Here is the task for the listing below: output exactly the lines from the one containing "Graund home" through the one containing "送料無料！モンクレール/MO", and leave out the pictures.
===== Input data =====
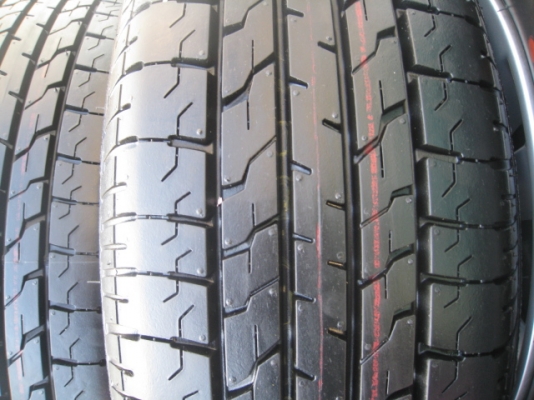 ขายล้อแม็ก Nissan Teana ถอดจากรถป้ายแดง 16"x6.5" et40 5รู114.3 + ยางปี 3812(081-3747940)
=====
===== Input data =====
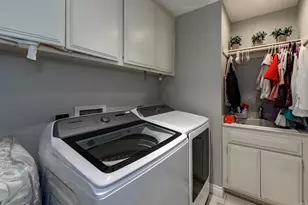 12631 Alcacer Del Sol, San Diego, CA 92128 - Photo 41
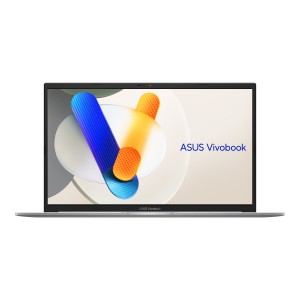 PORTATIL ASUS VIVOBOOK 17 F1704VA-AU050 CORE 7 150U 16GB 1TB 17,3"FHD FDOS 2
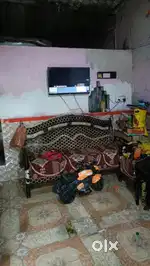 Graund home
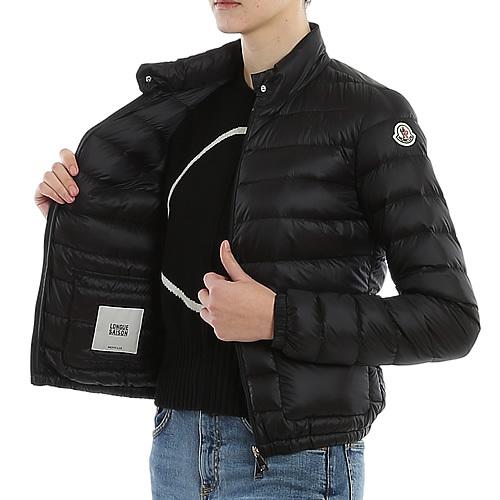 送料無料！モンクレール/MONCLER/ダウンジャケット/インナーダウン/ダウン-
=====
→ **Solution for this problem**:
 Graund home
 送料無料！モンクレール/MONCLER/ダウンジャケット/インナーダウン/ダウン-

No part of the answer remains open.